Developed in the 1980s by Gerald Klerman and Myrna Weissman, IPT does not focus exclusively on your specific psychopathology but instead focuses on your major relationships: family, work and social. The main idea is that if we can heal our relationships, then we can heal our issues. If you can get to a good place with these social connections, then this is healing.

We can't expect that all your relationships will become perfect (the other person has something to say about that), but IPT can help you put the relationship into perspective. Unlike most forms of psychotherapy, and like cognitive behavioural therapy (CBT), there is quality evidence that IPT works, particularly in depressed patients.

Like many newer forms of therapy, IPT is brief; typically 12 to 16 sessions. IPT does not assume that your problems arise exclusively from interpersonal conflicts, but it does emphasize that your problems play out within an interpersonal context.

So let's conduct some holiday IPT on you and yours.

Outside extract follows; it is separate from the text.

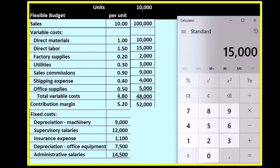The variable costs change in relation to the number of units. That's the point of breaking it out in terms of a contribution margin type of income statement.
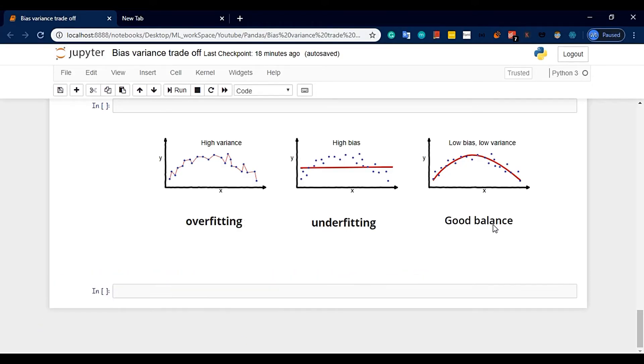Because if you try to go for high variance and high bias in a model, we end up with a poor model. Either way, it will just be a Bias and Variance trade-off.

Our first task is to draw up a different kind of "gift list" by jotting down the key relationships in your life.

IPT uses a few general themes to explore relationships. One of the major areas is relationships in which your role has had a significant transition over time. A new job, going away to school, relocation and divorce are all examples of situations that involve relationships with transition. Relationships that are riddled with disputes are another area of focus in IPT.

During the holidays, work-related relationships full of dispute may get better, but if the conflicts are family-based, they are more likely to worsen. IPT aims to help you problem-solve and examine your automatic thoughts (thoughts that are often distorted by your own frame of mind or your typical patterns of behaviour).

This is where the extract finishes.